I paid a visit to Szimpla Kert, Budapest’s first ruin bar, with a group of fellow Americans I met on a craft beer tour earlier that night. Szimpla Kert is made up of a bunch of rooms on multiple floors surrounding a courtyard. It’s huge. There are plants hanging from walls and circular metal staircases and Communist era relics. The beer is cheap and the palinka, a traditional fruit brandy, is flowing.

Don’t be worried that the bars will be too hip or the people trying to be too cool. This isn’t an East London warehouse. Szimpla Kert was filled with everyone from middle aged tourists to young Hungarians having a chill beer.


Budapest is home to 80 geothermal springs, including Széchenyi Medicinal Bath, the largest medicinal bath in Europe. The water includes sulphate, calcium, magnesium, bicarbonate, fluoride acid and metaboric acid and is said to help with orthopedic and joint problems. I can’t attest to that, but I know it did help with my incredibly-horrible-too-many-palinka-shots hangover. A win for medicinal baths in my book!

There a bunch of options for admission at Széchenyi, including private cabins and massages, but in my cloudy headed state I went for the cheapest option- a 4,100 Ft ($18) admission ticket that included use of a locker. After scanning in and wandering about for a bit looking for the entrance to the change room, I push opened a door and the first thing I saw was a fat man in a very tiny speedo. Did I accidentally go into the wrong change room? After I see a woman walk by, I realized that these are co-ed change rooms. There’s a first for everything.

Then I went into one of the cubicles to change and realized that both doors, one into the main hallway and one into the change room, just swing open and have no locks. If you don’t want to be walked in on naked by an older Hungarian man, I suggest shelling out the extra 500 Ft for a private cabin. (Some other tips: bring your own towel, a pair of sandals to walk around in, and a plastic bag for your wet things when you’re done. Probably obvious to most but I managed to forget two of the three…)
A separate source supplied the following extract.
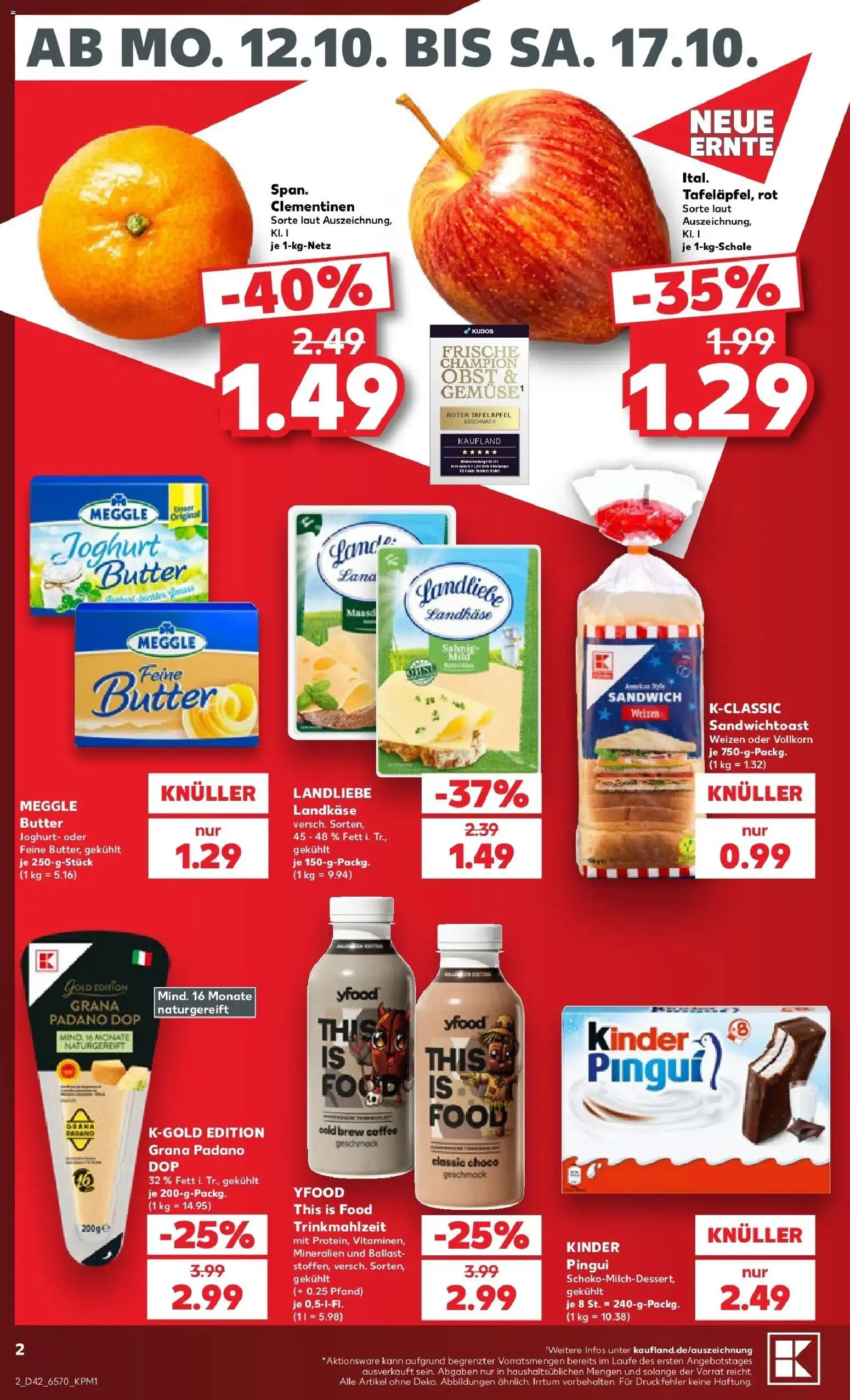 Prospekt Kaufland ab 12.10.2026 » Angebote Online zum Blättern | Seite: 6 | Produkte: Grana Padano, Butter, YFood, Obst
Awkward changing experiences aside, the baths were lovely.  The bright yellow Neo-baroque buildings, built in 1913, are worth a trip themselves. After admiring them for a while I found an empty spot in the main outdoor pool and then laid there silently in the warm water for the next 2 hours. When you’re hungover and traveling, this is what you want to do.

What looks like the best bit of Budapest to you?